Thanks for sharing your story.
Here is what may be happening in your world…
In order to avoid the feeling of lack and financial uncertainty, you are willing to put up with a man that you do not love. You may think you are trading the devil you don’t know for one that you do. However, this is not how it works. Following the course that you have set for yourself, you will probably just end up with TWO devils.
Here is an example that illustrates my point: a woman is experiencing emotional pain in her life that seems so unbearable that she chooses to drink heavily to numb the pain; she still has the emotional pain (although it may for a time be covered up by all the alcohol) and now she has a drinking problem. She has just “doubled her trouble.” Insert anything you want in place of alcohol-- food, sex, gambling, bad relationship, the equation is still the same.

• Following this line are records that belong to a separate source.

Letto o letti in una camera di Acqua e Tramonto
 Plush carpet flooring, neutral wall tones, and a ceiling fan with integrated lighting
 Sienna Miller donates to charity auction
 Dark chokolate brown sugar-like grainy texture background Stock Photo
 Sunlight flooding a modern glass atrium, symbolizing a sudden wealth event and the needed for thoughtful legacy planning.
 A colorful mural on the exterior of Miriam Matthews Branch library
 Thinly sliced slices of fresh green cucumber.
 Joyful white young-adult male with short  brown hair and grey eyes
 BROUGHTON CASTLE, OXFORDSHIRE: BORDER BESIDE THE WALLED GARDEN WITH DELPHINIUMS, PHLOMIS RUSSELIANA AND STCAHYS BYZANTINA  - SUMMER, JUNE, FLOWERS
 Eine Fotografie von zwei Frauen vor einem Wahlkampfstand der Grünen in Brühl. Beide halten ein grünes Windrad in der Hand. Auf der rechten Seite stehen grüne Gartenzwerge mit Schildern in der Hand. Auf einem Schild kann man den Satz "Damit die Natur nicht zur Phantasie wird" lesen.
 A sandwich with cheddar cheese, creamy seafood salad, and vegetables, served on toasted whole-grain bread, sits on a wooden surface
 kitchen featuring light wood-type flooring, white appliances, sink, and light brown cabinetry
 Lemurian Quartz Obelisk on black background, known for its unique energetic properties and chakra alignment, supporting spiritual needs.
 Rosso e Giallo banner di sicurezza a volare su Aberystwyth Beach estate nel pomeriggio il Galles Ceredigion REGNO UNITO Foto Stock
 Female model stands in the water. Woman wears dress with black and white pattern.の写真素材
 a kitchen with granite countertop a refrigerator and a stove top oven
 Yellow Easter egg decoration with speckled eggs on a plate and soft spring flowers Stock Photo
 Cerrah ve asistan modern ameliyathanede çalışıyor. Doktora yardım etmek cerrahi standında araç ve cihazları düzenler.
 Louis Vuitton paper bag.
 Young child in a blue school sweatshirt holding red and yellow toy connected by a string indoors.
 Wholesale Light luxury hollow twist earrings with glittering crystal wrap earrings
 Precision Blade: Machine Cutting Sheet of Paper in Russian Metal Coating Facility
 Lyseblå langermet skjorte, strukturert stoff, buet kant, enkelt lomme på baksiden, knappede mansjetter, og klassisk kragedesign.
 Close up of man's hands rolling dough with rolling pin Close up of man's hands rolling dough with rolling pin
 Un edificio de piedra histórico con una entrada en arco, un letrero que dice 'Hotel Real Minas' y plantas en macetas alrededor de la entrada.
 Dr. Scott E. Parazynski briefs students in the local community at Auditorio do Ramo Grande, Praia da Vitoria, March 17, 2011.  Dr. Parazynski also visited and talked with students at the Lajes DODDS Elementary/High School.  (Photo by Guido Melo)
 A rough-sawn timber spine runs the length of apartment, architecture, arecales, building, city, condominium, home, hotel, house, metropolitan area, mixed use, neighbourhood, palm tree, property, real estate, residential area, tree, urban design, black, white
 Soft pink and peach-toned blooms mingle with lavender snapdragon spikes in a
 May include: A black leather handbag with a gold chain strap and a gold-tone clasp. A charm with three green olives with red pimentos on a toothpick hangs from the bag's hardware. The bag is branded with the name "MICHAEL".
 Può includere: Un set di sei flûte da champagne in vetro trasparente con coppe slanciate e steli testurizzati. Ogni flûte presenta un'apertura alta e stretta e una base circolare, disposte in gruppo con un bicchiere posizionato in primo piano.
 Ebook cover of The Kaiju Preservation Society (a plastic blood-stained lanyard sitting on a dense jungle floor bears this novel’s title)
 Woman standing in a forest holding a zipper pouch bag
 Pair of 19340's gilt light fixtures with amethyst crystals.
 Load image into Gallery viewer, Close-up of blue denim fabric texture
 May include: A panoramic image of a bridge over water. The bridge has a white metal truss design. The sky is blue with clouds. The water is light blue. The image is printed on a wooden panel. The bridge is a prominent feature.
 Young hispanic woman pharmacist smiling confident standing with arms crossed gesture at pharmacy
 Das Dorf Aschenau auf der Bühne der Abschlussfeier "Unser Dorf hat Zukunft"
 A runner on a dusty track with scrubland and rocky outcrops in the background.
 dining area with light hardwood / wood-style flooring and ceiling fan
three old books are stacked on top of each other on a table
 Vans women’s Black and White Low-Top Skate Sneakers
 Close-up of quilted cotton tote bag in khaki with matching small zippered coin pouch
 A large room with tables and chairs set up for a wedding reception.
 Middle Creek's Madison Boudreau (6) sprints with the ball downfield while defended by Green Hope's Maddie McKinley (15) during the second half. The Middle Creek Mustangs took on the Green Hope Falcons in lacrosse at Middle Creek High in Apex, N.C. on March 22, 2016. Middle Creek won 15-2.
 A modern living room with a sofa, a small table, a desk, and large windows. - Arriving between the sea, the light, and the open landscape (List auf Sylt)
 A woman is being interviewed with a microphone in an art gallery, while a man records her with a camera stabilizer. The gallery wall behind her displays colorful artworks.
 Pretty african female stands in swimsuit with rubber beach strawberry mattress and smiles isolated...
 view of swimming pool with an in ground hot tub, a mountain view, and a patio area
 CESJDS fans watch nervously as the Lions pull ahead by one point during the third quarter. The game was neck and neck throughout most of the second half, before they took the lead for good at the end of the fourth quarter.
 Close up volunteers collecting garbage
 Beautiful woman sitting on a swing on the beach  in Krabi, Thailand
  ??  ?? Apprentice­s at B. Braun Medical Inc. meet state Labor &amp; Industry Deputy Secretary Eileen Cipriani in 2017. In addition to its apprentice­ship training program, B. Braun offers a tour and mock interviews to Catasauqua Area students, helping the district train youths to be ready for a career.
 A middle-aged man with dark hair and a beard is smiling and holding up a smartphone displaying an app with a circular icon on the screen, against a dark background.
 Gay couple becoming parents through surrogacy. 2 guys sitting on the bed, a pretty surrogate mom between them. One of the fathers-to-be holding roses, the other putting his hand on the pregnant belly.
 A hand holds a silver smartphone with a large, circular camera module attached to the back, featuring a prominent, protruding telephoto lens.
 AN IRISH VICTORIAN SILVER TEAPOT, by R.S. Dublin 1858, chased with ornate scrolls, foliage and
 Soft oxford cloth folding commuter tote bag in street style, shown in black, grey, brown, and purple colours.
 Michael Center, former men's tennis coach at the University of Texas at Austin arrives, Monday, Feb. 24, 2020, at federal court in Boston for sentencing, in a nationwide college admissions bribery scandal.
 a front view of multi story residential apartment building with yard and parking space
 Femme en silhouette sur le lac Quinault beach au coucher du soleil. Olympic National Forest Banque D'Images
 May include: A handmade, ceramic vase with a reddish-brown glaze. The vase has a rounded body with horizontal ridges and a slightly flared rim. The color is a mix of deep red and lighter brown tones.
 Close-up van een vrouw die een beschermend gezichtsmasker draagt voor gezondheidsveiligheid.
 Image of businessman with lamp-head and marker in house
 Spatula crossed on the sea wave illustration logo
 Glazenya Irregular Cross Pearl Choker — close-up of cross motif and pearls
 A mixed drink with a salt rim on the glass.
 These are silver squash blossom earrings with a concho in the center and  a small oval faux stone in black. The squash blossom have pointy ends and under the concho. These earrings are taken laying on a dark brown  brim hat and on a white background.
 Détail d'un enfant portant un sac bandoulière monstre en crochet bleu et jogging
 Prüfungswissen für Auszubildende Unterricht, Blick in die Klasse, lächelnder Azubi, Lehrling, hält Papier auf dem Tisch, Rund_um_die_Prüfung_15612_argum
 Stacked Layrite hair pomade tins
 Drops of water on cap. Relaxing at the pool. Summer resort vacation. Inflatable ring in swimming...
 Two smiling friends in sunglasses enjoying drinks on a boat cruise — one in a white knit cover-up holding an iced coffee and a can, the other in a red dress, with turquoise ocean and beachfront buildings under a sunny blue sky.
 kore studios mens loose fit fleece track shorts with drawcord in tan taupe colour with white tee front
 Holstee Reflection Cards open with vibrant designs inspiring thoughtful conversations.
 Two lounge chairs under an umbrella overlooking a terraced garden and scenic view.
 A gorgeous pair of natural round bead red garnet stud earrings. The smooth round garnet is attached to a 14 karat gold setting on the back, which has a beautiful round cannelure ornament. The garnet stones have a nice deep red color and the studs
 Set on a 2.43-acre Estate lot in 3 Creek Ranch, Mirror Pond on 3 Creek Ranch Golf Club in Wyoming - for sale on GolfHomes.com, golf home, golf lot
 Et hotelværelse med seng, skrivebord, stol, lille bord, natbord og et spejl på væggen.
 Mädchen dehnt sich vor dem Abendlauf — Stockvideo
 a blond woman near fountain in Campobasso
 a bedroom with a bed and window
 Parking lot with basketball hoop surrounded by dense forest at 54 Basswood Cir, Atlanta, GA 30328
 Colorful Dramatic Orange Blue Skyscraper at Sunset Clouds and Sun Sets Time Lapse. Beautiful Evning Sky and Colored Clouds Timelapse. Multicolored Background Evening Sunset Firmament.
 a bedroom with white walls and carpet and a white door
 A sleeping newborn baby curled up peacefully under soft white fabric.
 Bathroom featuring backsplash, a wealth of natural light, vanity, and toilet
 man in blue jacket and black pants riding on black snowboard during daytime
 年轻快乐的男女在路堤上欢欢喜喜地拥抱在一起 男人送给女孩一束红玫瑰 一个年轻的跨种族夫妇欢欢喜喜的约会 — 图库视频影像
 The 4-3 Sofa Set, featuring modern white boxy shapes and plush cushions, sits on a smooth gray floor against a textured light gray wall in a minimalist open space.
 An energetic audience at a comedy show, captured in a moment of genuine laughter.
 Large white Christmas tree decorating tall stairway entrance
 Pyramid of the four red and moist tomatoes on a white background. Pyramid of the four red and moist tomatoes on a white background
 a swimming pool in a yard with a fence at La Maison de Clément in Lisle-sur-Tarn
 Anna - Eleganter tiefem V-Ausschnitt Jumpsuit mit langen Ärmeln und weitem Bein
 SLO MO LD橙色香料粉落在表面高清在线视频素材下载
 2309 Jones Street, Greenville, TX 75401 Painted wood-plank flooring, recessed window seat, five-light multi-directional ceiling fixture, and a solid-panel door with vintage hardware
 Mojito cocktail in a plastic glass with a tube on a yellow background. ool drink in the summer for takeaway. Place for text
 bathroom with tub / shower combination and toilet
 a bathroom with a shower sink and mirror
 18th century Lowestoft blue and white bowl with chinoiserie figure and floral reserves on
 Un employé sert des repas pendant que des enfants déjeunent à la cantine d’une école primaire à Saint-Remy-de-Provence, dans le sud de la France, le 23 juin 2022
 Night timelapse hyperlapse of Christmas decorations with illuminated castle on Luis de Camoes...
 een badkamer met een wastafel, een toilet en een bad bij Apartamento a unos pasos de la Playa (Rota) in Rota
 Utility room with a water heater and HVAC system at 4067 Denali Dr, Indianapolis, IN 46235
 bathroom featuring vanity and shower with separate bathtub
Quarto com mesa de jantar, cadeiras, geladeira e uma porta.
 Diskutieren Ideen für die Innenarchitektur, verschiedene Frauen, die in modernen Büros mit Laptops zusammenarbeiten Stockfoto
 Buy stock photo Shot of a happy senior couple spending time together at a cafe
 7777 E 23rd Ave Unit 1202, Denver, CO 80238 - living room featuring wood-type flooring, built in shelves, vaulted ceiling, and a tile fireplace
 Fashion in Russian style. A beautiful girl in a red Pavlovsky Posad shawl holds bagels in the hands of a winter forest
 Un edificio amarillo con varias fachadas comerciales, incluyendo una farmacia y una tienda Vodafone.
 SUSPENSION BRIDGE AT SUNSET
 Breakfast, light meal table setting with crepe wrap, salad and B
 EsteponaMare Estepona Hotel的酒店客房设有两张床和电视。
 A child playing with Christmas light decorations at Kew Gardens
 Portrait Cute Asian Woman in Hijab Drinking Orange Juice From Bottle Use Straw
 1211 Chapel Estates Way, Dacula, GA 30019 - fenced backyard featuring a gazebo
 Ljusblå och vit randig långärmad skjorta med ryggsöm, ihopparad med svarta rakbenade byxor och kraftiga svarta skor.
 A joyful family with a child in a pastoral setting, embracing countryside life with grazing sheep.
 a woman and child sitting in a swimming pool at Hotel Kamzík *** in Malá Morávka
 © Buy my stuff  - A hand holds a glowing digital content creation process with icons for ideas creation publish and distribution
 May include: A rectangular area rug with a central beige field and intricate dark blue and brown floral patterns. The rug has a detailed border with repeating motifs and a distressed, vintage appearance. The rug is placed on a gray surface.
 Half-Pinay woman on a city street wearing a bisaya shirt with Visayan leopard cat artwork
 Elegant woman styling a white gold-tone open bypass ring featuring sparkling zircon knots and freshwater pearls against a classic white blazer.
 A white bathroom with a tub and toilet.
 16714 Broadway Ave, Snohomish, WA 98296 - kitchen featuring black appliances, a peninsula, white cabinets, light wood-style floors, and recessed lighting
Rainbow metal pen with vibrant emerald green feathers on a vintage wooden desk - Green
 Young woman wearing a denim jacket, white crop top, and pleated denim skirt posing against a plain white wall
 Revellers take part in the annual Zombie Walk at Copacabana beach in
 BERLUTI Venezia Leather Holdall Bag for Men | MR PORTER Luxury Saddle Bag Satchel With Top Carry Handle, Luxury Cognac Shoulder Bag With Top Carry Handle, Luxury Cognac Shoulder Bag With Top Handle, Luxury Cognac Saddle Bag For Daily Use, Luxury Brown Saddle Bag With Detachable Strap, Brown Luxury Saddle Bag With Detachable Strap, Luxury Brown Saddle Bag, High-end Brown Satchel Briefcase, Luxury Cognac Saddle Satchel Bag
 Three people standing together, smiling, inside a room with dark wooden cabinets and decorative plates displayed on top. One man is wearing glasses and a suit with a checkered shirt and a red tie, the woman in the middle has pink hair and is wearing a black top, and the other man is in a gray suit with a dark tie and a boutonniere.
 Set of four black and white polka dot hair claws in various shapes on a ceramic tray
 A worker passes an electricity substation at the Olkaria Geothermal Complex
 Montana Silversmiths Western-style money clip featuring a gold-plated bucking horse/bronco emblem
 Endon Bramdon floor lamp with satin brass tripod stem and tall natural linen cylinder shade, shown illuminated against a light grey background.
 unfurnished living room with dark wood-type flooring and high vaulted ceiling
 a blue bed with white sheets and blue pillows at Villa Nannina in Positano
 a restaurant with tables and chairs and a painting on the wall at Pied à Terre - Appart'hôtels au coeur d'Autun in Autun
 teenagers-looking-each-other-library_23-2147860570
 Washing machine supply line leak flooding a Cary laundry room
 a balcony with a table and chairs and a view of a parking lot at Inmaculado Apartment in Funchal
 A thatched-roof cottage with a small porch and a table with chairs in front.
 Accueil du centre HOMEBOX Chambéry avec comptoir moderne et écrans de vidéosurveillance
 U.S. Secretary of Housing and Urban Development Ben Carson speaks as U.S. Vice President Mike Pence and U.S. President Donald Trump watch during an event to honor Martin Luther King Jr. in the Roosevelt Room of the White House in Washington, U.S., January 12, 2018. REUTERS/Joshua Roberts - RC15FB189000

This is why it is important for us to recognize when we are avoiding discomfort, pain, hurt, sadness, fear in our lives. When we are aware, we have an opportunity to face our emotional blocks and release them. Otherwise the tactics we use to “escape” end up making things worse.
I think that you will be served by really getting in touch with your fears regarding financial support. What is your relationship with money? How long have you had issues with money? What other questionable choices have you made in your life related to your issues with money and finances? Imagine your worst financial fear and face it head on—look it directly in the eyes and don’t blink. No one else can grow for you.
Sometimes women imagine a knight in shining armor riding in on a white horse that will complete them and solve all of their problems. In your case, you have imagined someone who seems to be emotionally unavailable who is riding in backwards on a donkey.
You asked, “What can I do to gain his trust and affection back?” First, it seems that you never had his trust or affection. Secondly, there is nothing you can do to make anyone do anything. His ability to be trustful and affectionate is his business. He is grown and those are his responsibilities.
Please do not allow this man to be your addiction, your crutch. Face your fear and watch how all of creation will back you. May you see this as an opportunity to overcome an issue that most likely has been weighing you down for some time now.
You are the author of your life. I trust that what you will write next is something that serves your highest vision of what is possible for you.